Exercise materials
_ _ _

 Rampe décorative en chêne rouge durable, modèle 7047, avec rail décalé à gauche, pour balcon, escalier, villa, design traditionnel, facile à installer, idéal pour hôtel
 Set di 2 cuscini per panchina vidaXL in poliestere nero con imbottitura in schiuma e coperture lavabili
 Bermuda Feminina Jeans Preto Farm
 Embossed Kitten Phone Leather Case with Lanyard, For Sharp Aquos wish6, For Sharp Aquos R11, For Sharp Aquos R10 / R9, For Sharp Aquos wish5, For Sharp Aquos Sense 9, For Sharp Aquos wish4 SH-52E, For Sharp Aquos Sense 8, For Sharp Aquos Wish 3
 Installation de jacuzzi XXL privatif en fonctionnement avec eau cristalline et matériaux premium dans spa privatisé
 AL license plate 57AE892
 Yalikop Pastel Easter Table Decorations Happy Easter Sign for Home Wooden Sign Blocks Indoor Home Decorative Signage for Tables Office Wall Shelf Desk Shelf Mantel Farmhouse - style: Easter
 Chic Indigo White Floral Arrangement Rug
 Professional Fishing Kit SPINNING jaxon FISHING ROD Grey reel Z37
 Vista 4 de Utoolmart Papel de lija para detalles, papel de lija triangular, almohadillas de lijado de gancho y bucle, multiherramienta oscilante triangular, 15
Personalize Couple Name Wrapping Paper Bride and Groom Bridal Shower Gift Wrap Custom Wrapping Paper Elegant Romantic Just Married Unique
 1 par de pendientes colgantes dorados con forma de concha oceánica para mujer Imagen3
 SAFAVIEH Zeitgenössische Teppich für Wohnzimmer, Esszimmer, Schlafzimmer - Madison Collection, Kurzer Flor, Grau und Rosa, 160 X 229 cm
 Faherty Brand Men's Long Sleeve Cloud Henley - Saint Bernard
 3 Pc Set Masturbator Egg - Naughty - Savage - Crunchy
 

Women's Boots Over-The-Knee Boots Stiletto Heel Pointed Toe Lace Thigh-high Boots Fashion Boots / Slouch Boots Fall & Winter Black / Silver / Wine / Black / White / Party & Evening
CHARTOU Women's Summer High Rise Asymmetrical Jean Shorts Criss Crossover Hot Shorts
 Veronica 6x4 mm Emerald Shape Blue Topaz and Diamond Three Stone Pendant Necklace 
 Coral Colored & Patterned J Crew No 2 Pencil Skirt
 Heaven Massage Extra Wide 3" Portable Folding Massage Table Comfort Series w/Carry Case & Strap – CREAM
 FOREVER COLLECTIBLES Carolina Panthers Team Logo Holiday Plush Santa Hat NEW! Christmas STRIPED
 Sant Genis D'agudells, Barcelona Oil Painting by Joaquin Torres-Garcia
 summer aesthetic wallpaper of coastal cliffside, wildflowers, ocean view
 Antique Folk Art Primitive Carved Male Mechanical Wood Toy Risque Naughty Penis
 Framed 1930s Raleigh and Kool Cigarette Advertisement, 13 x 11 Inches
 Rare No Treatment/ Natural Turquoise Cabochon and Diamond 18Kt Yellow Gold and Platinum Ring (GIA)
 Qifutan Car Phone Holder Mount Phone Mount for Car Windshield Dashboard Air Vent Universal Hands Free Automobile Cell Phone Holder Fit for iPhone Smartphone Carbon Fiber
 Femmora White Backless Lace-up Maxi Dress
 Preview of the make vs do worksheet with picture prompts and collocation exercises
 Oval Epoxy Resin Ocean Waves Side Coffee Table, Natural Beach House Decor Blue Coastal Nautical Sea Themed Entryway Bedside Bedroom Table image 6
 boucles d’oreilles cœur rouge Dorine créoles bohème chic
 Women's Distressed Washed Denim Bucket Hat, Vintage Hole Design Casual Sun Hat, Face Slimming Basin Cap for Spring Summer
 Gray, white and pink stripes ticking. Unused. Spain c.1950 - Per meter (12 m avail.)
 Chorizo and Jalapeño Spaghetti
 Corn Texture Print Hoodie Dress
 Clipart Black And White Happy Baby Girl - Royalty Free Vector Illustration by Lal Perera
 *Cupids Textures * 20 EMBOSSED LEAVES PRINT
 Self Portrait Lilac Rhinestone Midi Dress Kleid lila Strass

_ _ _

Requirement
Transcribe each of the records above exactly.

Task response
 Rampe décorative en chêne rouge durable, modèle 7047, avec rail décalé à gauche, pour balcon, escalier, villa, design traditionnel, facile à installer, idéal pour hôtel
 Set di 2 cuscini per panchina vidaXL in poliestere nero con imbottitura in schiuma e coperture lavabili
 Bermuda Feminina Jeans Preto Farm
 Embossed Kitten Phone Leather Case with Lanyard, For Sharp Aquos wish6, For Sharp Aquos R11, For Sharp Aquos R10 / R9, For Sharp Aquos wish5, For Sharp Aquos Sense 9, For Sharp Aquos wish4 SH-52E, For Sharp Aquos Sense 8, For Sharp Aquos Wish 3
 Installation de jacuzzi XXL privatif en fonctionnement avec eau cristalline et matériaux premium dans spa privatisé
 AL license plate 57AE892
 Yalikop Pastel Easter Table Decorations Happy Easter Sign for Home Wooden Sign Blocks Indoor Home Decorative Signage for Tables Office Wall Shelf Desk Shelf Mantel Farmhouse - style: Easter
 Chic Indigo White Floral Arrangement Rug
 Professional Fishing Kit SPINNING jaxon FISHING ROD Grey reel Z37
 Vista 4 de Utoolmart Papel de lija para detalles, papel de lija triangular, almohadillas de lijado de gancho y bucle, multiherramienta oscilante triangular, 15
Personalize Couple Name Wrapping Paper Bride and Groom Bridal Shower Gift Wrap Custom Wrapping Paper Elegant Romantic Just Married Unique
 1 par de pendientes colgantes dorados con forma de concha oceánica para mujer Imagen3
 SAFAVIEH Zeitgenössische Teppich für Wohnzimmer, Esszimmer, Schlafzimmer - Madison Collection, Kurzer Flor, Grau und Rosa, 160 X 229 cm
 Faherty Brand Men's Long Sleeve Cloud Henley - Saint Bernard
 3 Pc Set Masturbator Egg - Naughty - Savage - Crunchy
 

Women's Boots Over-The-Knee Boots Stiletto Heel Pointed Toe Lace Thigh-high Boots Fashion Boots / Slouch Boots Fall & Winter Black / Silver / Wine / Black / White / Party & Evening
CHARTOU Women's Summer High Rise Asymmetrical Jean Shorts Criss Crossover Hot Shorts
 Veronica 6x4 mm Emerald Shape Blue Topaz and Diamond Three Stone Pendant Necklace 
 Coral Colored & Patterned J Crew No 2 Pencil Skirt
 Heaven Massage Extra Wide 3" Portable Folding Massage Table Comfort Series w/Carry Case & Strap – CREAM
 FOREVER COLLECTIBLES Carolina Panthers Team Logo Holiday Plush Santa Hat NEW! Christmas STRIPED
 Sant Genis D'agudells, Barcelona Oil Painting by Joaquin Torres-Garcia
 summer aesthetic wallpaper of coastal cliffside, wildflowers, ocean view
 Antique Folk Art Primitive Carved Male Mechanical Wood Toy Risque Naughty Penis
 Framed 1930s Raleigh and Kool Cigarette Advertisement, 13 x 11 Inches
 Rare No Treatment/ Natural Turquoise Cabochon and Diamond 18Kt Yellow Gold and Platinum Ring (GIA)
 Qifutan Car Phone Holder Mount Phone Mount for Car Windshield Dashboard Air Vent Universal Hands Free Automobile Cell Phone Holder Fit for iPhone Smartphone Carbon Fiber
 Femmora White Backless Lace-up Maxi Dress
 Preview of the make vs do worksheet with picture prompts and collocation exercises
 Oval Epoxy Resin Ocean Waves Side Coffee Table, Natural Beach House Decor Blue Coastal Nautical Sea Themed Entryway Bedside Bedroom Table image 6
 boucles d’oreilles cœur rouge Dorine créoles bohème chic
 Women's Distressed Washed Denim Bucket Hat, Vintage Hole Design Casual Sun Hat, Face Slimming Basin Cap for Spring Summer
 Gray, white and pink stripes ticking. Unused. Spain c.1950 - Per meter (12 m avail.)
 Chorizo and Jalapeño Spaghetti
 Corn Texture Print Hoodie Dress
 Clipart Black And White Happy Baby Girl - Royalty Free Vector Illustration by Lal Perera
 *Cupids Textures * 20 EMBOSSED LEAVES PRINT
 Self Portrait Lilac Rhinestone Midi Dress Kleid lila Strass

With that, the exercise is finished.